As we head into 2010, what should we expect? First and foremost, the recovery will continue, barring some unforeseen event. Contrary to some of the financial pessimists on television, there is no evidence to suggest that this recession will have a second leg to it. For Michigan, the recovery will be helped by a partial recovery of the auto industry. Whereas it will take many years for auto sales to climb back to the 16 million to 17 million range of 2005-2006, we should settle into a new sustainable range of about 13 million to 14 million cars by 2011. At the present rate, Chrysler will be forced out of business, except for the Jeep brand, which will probably survive. Fortunately, we do not have a lot of companies in West Michigan that are directly tied into Chrysler. Furthermore, production levels have sunk to the level that the end of Chrysler will probably be no more than a small economic ripple. Hence, overall Michigan unemployment rates will probably continue to climb until about the middle of 2010.
Unfortunately, the housing market will continue to be an economic wet blanket for the entire nation. Although there are some empty and foreclosed houses in West Michigan, the market situation on the east side of the state is much worse. Despite the ample availability of cash, the financial institutions are still very tight with credit restrictions for potential home buyers. Furthermore, mortgage delinquencies are still growing, which means there will be more houses thrown on the market throughout 2010.
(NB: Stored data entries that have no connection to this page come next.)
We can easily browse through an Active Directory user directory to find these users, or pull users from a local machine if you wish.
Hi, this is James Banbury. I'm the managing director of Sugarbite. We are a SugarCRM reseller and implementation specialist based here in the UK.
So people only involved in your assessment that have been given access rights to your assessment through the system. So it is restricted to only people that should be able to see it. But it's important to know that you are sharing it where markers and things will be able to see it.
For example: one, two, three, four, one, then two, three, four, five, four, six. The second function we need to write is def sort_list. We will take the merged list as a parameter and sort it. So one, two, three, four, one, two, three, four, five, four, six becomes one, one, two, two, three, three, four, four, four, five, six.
Finally, we need to keep an eye on the state of Michigan budget, given the drop in revenues from almost every source. Although the budget is now in place for fiscal 2010, the expected shortfall for 2011 is about $20 million dollars. This will put pressure on all government services, from repairing roads to schools to social services. It will take many years for these revenues to come back.
Brian Long is director, Supply Chain Management Research, Seidman College of Business, Grand Valley State University.